Hipster Martha Stewart: Uncanny plant/animal hybrid for your bathroom wall

“Well, the blog is finally gone,” says Parrish.

“Gone; done,” says I. We sip our Scotch in memory of blog posts of yore.

And yet. Wrestling with words and abstract concepts all day, a body’s got to have hobbies. One of my current ones appears to be PLANTS! And today’s plant cried out, not literally, for TGW treatment. So hereinafter: how to plant a staghorn fern on your bathroom wall.

The important thing about staghorn ferns is that they’re epiphytes, meaning they don’t need to root in soil. I bought one last weekend at the hipster plant store on Solano, after not seeing them many other places for sale. It came rooted in soil in a little pot. But I wanted it mounted on the wall.

That is the even more important thing about staghorn ferns–they look like animals, kind of. Like a stag’s horns, I guess, but more ancient and vegetal. So of course hipsters* mount them on walls.

First thing, I needed a good piece of wood. Found one at my favorite artisanal wood store for only $2, the humblest piece of wood in the place. I think it’s pine, salvaged from a barrel or something, and it was $2 because it was a scrap left over from something else. About 12 inches square, I’d say, and an inch and a half thick. I sanded it roughly to clean up some kind of paint or mineral residue. Ended up looking interesting.

If you’re going to mount something on the wall, install the wall-hooking part first. Here, two hex screws with hanging wire between, on the back:

Hanging stuff

A close up:


I put some floor-protector stickies on the hex ends to keep them from messing up the wall when I hang it up.

Then you need to prepare the front of the board. I used some brass twisting nails (they have a kind of slow screw carved into them to keep them from coming back out, I guess) in a hexagram arrangement:


Then you get your sphagnum moss. Sphagnum moss is sold in quantities no smaller than quarter bushel; mine came in a big dried cube shape that reminded me very much of local news stories about the cops seizing bales of pot and setting it all on fire. When I asked if they had smaller bags of it, the plant-store lady suggested I use the rest to make terrariums for Christmas gifts. “Or birthdays. Or other holidays,” she said. This is why people start selling crap on Etsy; it is because they tried to buy the minimum quantity of sphagnum moss.

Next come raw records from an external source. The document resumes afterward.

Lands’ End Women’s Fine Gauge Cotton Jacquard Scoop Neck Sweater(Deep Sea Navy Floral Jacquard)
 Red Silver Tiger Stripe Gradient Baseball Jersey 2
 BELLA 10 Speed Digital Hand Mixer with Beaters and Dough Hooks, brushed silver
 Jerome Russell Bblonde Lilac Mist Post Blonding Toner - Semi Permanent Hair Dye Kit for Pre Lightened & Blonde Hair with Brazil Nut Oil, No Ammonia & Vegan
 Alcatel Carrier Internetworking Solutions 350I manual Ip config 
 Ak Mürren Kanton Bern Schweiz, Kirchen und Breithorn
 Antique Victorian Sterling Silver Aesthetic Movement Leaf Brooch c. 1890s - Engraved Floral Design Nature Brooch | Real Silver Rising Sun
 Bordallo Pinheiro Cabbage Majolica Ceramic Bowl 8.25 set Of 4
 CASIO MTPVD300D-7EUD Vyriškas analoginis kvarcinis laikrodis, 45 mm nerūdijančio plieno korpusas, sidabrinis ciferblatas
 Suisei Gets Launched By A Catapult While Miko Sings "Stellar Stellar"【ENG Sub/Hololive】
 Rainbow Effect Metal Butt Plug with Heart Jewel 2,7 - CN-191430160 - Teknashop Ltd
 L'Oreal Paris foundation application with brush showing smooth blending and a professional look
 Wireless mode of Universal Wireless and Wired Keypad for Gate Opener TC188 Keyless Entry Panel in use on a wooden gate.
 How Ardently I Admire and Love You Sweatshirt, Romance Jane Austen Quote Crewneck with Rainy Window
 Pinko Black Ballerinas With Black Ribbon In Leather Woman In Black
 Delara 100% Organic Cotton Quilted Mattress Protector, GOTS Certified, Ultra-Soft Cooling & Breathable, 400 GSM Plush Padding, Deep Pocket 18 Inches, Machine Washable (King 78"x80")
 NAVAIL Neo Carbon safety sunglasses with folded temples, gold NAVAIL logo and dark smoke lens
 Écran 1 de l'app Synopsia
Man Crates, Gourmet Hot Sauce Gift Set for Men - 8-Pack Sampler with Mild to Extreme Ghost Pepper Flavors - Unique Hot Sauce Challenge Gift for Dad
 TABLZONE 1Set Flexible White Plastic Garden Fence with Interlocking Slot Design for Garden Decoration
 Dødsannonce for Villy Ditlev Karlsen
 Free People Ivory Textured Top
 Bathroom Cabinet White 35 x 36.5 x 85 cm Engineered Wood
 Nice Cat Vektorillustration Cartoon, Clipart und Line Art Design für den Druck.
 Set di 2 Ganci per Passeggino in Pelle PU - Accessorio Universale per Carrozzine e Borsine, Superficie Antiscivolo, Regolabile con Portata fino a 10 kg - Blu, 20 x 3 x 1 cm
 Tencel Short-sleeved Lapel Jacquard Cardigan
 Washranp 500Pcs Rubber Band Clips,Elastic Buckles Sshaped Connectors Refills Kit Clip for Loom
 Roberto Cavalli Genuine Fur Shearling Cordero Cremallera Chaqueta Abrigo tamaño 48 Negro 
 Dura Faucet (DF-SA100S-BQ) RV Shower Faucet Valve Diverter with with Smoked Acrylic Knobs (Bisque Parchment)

No pictures of the moss-laying process because it was wet. You take your sphagnum moss. (Seriously, I own a lot of sphagnum moss now. I will send you some if you want.) You slice a bit off the giant cube, soak it in water, then wring it out so it’s damp.

Then you have to get the soil off the roots of your stagshead fern. This was the most annoying part, and it felt so wasteful as I ran water over the roots to wash off the soil that I actually put a bowl in the sink and caught the water and then poured it on our other plants out on the deck. That is how California I am these days.

With the roots mostly free from soil, you kind of layer the moss and the roots into something that strikes you as plausible. Then, run fishing line or threat over the moss/root clump to each nail, back and forth in a web, until you think it’s good.

Behold, now a weird creature lives on your wall:

Staghorn fern on my bathroom wall

Like I said, pretty cool looking, slightly terrifying. The best part is now my bathroom smells a little like some exotic forest, or at least like a sphagnum moss farm.

*A category that is almost meaningless, as I’ve probably yakked about before. However, I think “hipster Martha Stewart” does have some content to it.

5 responses to “Hipster Martha Stewart: Uncanny plant/animal hybrid for your bathroom wall”

  1. Bryan says:

    I appreciated this. Thanks for posting. And I do miss blogging. Not enough to make a regular commitment, but I miss it, and I think my writing habits are the poorer for not blogging. I miss comment section chatter too. If I could just get all my friends to use the same platforms … and not the big one I still don’t want anything to do with …

  2. Greg says:

    If you are a crouton petter like me, one of the nice parts of this story is the little chunk of wood being so happy to be chosen over all the more glamorous redwood and stuff.

    Crouton petter is a term I just learned.

    This plant does kind of complicated my neat categorization of plants into “looks like it is going to get loose and eat the cat” and “does not look like etc.” It looks like it might get loose and have a tense standoff with the cat and then slink back to the wall.

  3. T-Mo says:

    You said, “Sphagnum.” Heh heh.

  4. T-Mo says:

    And thanks for sharing! The blog’s not dead yet.

  5. LP says:

    Wait, what’s going on here? Who authorized this?